Sarcomas of the uterine body are rare tumors and represent 1% of all gynecological malignancies and 2–5% of all uterine tumors [Citation1,Citation2]. The incidence of uterine sarcomas is reported in the literature to 1.7 per 100 000 women and year [Citation2]. The age of the patients varies with type of histology. Patients with carcinosarcomas are on average older than patients with other histological types of sarcomas. Mixed malignant mesodermal tumors (MMMT; carcinosarcomas) are most frequent followed by leiomyosarcomas (LMS) and endometrial stromal sarcomas (ESS). Other rare types account for less than 5% of the uterine sarcomas. The overall prognosis of primary uterine sarcomas is unfavorable and the five-year survival rate is reported to be 30–40%. Fifty percent of the patients with uterine sarcomas present with FIGO stage I disease at diagnosis [Citation3]. Uterine sarcomas spread hematogenously, and the prognosis in advanced stages is extremely poor. However, the rate of recurrence is also high in early stage disease (FIGO stage I–II) [Citation4,Citation5]. In 35% of the cases the recurrences are localized in the pelvis and in 65% as distant sites. During recent years carcinosarcomas have been reclassified and moved from the uterine sarcoma group to endometrial carcinomas of high-risk type [Citation6].

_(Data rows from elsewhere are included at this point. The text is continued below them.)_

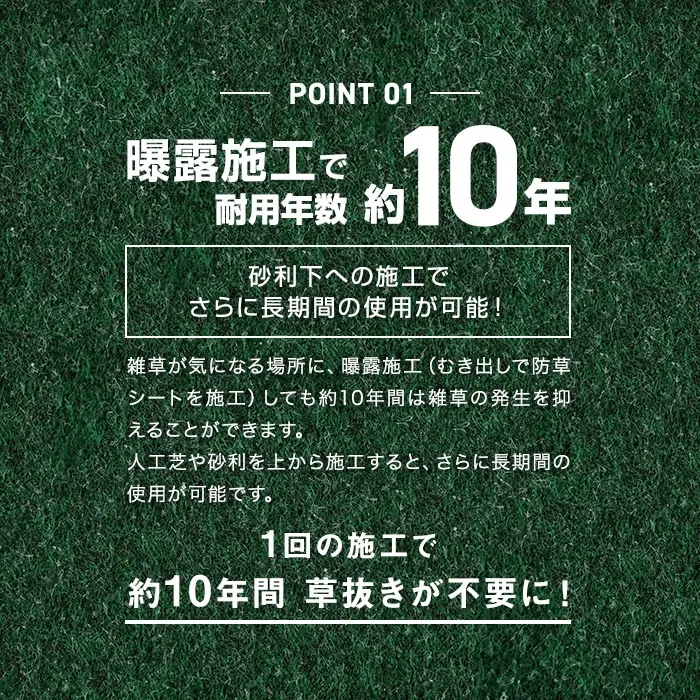 曝露施工で耐用年数約10年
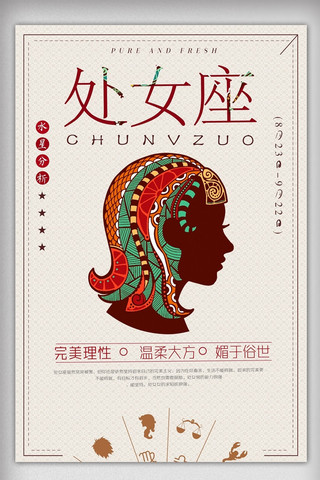 十二星座q版海报模板_中国风十二星座处女座宣传海报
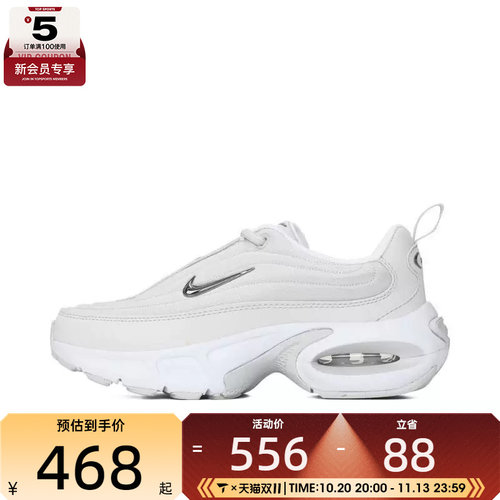 NIKE耐克女子W NIKE AIR MAX PORTAL SE运动休闲鞋IB8880-101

Surgery is the cornerstone in treatment of uterine sarcomas including carcinosarcomas [Citation7]. Extended, radical surgery is not routine, and the value of pelvic and paraaortic lymphadenectomy is questioned [Citation4]. Residual tumor after surgery is an important prognostic factor [Citation8,Citation9]. The benefits of postoperative radiotherapy and chemotherapy are still under debate [Citation3,Citation7,Citation10–12]. Tumor stage, age of the patient, parity, type of histology and the mitotic count are known prognostic factors [Citation4,Citation13,Citation14]. Depth of myometrial invasion, tumor grade, and lymphovascular space invasion are also significant prognostic factors.

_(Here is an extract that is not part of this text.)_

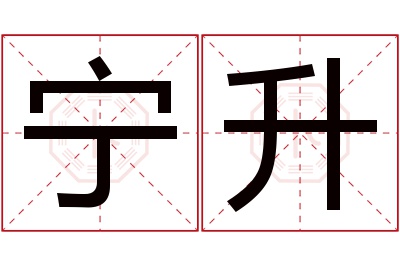 宁升名字寓意 宁升名字寓意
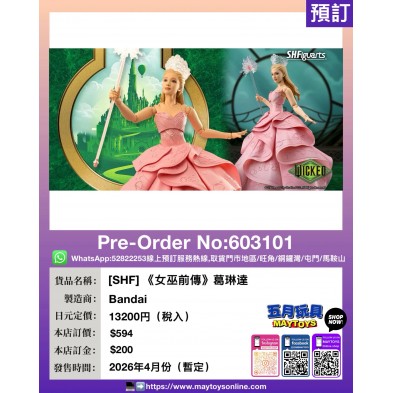 [SHF] 《女巫前傳》葛琳達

In the present retrospective study of a large series of carcinosarcomas postoperative adjuvant pelvic radiotherapy has been standard and an integrated part of the primary therapy. Chemotherapy has also been used in the adjuvant setting and for advanced tumors, operable and non-operable, in stage III–IV. The clinical outcome is presented with focus on type of adjuvant therapy. Recurrences, progression-free survival, overall survival are presented as well as side effects related to the combined treatment with surgery, pelvic irradiation and/or chemotherapy.
Patients and methods
Two complete geographic series of uterine carcinosarcomas in FIGO stages I–IV, treated during the years 1973–2007 in Gothenburg and Örebro Medical Regions were included in this study, evaluating the type of surgery and postoperative adjuvant radiotherapy and/or chemotherapy. In all, 322 patients were included in the study (). The mean age at diagnosis of the patients was 71.2 years (range, 30–97 years). All histological slides were reviewed at the Departments of Pathology, Gothenburg and Örebro University Hospitals. One hundred and fifty-eight tumors were in FIGO stage I (49%), 39 tumors in stage II (12%), 67 tumors in stage III (21%), and 58 tumors in stage IV (18%). The primary surgery was total abdominal hysterectomy in 220 cases (68%), and Wertheim-Meigs surgery in 23 cases (7%). In 33 cases (10%) only multiple biopsies were taken due to advanced disease (). The surgery was performed at 19 local departments of Gynecology and Obstetrics, but all patients were then referred to the Departments of Gynecological Oncology, Gothenburg or Örebro University Hospitals, for postoperative evaluation and treatment.
Table I. Tumor characteristics of the complete series (n= 322).
Table II. Surgical technique used in the complete series.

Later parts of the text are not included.